Flavors are rich with caramel apple, heather, sticky honey, peaches, and raisin bread. Very complex thanks to adding honey and heather. Medium plus length. Dogma teeters on the edge of outstanding quality (5 of 5). It may reverberate too much alcohol on the finish. It may seem too heavy, creamy, and rich. Where’s the nose? Speedball this is not. But nothing detracts from this pure pleasure.
Next, BrewDog’s: “Libertine Black Ale”:
This was dark IPA, with a red core and a thin, cream-colored head. Aromas of charred wood and bitter black chocolate were far more intense here.
The Libertine Black Ale felt far less fruity. The acidity was up but average. Bitterness was greater. The alcohol ain’t for wimps at a hefty 7%. This was big beer with medium plus body.
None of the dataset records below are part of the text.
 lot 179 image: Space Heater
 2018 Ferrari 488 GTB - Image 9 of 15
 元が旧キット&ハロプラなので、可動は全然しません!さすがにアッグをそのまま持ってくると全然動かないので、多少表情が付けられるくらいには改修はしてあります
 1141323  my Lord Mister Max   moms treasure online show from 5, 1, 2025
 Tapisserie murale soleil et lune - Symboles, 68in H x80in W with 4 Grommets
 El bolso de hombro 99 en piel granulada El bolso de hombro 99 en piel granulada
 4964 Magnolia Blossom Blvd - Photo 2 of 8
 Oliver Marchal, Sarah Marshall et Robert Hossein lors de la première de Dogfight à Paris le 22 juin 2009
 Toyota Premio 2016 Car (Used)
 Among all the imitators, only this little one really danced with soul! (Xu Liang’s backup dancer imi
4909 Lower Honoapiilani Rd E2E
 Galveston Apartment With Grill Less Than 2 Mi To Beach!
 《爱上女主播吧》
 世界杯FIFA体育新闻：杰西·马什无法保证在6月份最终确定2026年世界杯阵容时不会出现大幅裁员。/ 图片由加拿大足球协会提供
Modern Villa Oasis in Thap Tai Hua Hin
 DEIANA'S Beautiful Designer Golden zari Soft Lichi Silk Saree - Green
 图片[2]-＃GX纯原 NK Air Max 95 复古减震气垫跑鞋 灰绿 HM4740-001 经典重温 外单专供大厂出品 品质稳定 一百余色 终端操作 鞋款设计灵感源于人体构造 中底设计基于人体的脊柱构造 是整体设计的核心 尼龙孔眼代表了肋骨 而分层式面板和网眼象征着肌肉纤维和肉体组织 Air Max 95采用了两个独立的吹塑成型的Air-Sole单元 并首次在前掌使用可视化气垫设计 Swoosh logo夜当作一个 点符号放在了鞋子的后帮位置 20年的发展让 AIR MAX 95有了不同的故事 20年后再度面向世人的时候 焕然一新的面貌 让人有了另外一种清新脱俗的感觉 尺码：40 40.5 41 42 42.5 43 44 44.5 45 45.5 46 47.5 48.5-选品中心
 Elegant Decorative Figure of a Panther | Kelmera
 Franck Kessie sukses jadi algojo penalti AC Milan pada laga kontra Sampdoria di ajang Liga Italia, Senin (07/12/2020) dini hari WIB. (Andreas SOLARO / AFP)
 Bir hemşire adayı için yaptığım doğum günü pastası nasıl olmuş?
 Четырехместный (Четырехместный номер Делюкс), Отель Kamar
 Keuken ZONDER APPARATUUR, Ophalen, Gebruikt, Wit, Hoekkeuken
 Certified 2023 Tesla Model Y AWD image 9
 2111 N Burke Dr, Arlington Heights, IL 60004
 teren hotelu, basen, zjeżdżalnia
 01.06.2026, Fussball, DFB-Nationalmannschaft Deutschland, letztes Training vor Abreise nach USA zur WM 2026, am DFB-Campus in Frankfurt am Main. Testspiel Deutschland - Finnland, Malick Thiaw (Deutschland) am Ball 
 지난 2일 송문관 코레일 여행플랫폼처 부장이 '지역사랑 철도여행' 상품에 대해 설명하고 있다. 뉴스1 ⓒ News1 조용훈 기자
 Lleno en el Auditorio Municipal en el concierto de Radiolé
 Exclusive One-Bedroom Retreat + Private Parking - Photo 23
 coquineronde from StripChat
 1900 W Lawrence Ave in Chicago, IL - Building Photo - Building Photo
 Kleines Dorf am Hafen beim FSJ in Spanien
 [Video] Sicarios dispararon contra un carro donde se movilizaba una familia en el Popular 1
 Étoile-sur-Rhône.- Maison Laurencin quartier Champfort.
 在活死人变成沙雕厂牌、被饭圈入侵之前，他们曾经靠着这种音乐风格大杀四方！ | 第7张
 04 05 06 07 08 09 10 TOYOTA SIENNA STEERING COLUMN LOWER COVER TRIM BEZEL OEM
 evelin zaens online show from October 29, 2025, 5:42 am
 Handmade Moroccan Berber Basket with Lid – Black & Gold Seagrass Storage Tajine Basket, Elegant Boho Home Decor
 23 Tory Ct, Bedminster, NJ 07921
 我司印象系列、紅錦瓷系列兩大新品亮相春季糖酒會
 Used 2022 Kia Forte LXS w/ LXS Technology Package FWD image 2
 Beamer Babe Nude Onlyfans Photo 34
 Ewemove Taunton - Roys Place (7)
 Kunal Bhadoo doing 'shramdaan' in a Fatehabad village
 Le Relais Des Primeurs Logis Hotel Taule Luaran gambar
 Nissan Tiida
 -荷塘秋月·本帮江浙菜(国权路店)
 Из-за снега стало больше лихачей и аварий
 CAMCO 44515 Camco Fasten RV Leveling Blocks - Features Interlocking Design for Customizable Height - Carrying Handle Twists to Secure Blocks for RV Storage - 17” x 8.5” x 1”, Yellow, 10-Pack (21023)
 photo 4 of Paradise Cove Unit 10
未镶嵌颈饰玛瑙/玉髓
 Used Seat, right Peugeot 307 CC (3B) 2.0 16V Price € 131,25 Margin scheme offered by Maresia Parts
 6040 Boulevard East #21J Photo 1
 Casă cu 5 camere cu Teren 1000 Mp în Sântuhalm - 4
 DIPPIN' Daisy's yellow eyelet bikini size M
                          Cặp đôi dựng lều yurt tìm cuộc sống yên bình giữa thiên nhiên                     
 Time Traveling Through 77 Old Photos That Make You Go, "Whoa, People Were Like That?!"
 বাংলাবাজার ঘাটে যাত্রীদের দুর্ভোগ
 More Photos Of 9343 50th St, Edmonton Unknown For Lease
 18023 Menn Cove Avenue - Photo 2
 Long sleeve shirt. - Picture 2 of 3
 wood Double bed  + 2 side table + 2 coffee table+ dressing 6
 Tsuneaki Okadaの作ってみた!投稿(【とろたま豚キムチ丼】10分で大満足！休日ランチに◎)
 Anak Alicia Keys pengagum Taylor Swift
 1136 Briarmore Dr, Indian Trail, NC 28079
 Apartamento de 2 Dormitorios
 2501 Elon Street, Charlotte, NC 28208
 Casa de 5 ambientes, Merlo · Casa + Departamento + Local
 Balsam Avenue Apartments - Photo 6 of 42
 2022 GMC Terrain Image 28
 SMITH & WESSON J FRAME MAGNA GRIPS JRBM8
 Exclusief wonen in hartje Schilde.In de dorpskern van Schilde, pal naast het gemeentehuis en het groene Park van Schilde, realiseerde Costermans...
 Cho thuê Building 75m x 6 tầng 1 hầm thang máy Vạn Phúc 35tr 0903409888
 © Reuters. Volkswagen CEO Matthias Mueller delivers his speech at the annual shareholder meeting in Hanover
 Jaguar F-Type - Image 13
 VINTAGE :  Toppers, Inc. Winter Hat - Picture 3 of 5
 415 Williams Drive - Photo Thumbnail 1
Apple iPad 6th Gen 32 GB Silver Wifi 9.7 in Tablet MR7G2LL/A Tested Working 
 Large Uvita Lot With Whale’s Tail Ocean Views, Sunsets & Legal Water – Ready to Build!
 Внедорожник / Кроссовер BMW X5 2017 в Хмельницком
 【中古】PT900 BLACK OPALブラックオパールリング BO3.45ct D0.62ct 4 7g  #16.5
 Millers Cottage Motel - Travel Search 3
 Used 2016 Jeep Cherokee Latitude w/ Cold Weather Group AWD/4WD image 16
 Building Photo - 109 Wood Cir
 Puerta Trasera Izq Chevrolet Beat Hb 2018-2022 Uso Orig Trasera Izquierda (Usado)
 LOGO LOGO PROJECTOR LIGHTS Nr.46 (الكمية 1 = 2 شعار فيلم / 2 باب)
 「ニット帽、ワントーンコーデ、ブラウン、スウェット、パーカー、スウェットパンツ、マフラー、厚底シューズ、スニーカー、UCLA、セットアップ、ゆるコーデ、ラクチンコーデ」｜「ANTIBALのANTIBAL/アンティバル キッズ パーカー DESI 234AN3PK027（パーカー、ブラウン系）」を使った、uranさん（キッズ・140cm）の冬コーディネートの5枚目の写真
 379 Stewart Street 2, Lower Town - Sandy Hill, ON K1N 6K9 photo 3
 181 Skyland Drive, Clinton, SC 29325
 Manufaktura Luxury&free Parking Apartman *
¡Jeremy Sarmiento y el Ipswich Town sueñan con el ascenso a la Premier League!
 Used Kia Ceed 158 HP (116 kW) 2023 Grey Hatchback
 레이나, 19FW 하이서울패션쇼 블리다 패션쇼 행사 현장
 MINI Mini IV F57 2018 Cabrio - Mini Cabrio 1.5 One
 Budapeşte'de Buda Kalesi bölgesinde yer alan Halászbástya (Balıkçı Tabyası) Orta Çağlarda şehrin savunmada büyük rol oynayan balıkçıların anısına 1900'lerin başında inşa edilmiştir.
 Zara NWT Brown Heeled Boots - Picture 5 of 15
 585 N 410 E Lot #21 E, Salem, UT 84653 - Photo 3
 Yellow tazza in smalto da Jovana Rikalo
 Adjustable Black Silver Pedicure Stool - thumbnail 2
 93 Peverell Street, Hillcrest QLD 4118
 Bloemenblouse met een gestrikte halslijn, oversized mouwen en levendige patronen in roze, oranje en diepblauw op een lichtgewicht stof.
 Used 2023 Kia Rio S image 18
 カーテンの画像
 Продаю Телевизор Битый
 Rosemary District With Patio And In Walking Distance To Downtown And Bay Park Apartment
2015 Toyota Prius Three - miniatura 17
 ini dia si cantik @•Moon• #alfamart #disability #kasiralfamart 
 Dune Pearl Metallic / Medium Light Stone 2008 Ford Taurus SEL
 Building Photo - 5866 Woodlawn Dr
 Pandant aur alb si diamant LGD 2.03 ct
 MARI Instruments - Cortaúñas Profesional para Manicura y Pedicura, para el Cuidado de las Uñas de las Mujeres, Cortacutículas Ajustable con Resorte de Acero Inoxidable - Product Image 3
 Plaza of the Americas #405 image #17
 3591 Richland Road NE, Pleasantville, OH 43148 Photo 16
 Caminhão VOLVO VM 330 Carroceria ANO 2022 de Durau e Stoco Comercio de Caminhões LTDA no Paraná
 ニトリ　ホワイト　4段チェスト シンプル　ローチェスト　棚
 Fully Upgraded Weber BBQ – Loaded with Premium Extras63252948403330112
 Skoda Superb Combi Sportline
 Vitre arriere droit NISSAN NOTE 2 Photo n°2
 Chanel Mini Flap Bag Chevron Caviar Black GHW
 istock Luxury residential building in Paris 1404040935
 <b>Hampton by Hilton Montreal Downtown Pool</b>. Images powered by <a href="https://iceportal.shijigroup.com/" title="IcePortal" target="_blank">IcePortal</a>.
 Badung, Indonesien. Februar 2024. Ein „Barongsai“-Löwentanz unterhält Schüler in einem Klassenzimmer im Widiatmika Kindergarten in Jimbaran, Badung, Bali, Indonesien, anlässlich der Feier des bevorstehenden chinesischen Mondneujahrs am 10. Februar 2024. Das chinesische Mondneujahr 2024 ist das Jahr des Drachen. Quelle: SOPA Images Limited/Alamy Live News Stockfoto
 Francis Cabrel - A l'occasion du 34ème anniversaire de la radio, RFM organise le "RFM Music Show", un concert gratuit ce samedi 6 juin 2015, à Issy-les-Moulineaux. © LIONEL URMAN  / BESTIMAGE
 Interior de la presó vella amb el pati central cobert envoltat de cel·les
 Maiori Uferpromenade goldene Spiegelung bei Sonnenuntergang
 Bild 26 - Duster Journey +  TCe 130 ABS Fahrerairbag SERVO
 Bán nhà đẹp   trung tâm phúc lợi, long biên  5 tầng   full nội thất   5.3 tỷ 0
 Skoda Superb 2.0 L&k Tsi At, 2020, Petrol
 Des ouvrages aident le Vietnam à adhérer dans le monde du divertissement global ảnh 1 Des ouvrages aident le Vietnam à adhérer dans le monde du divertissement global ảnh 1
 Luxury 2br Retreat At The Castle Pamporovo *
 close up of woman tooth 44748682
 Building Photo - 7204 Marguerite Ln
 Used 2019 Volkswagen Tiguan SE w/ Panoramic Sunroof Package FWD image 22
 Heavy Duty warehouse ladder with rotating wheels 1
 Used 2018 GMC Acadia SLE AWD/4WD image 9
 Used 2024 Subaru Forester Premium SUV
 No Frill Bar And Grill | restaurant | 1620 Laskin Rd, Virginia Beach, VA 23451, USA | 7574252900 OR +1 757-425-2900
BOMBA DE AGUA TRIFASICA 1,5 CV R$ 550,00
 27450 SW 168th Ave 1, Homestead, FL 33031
Flavors again didn’t leave room to think, with medium plus intensity congeners of black chocolate, cocoa nibs, beach wood fire, hint of warm caramel in back. Medium plus length. Very good (4 of 5). Lovely char.
Starving and dizzy from the intense flavors (and alcohol), we meandered into The Piemaker: a small café devoted to reviving the Cornish Pasty (pronounced “paahstee”).
Full of glee and curried veg wrapped in pastry dough, we ambled in and out of the endless thrift/charity shops full of crap, grab four packaged tomatoes and pasta at Tesco, and crawled back into our closet-sized bedroom at our home stay.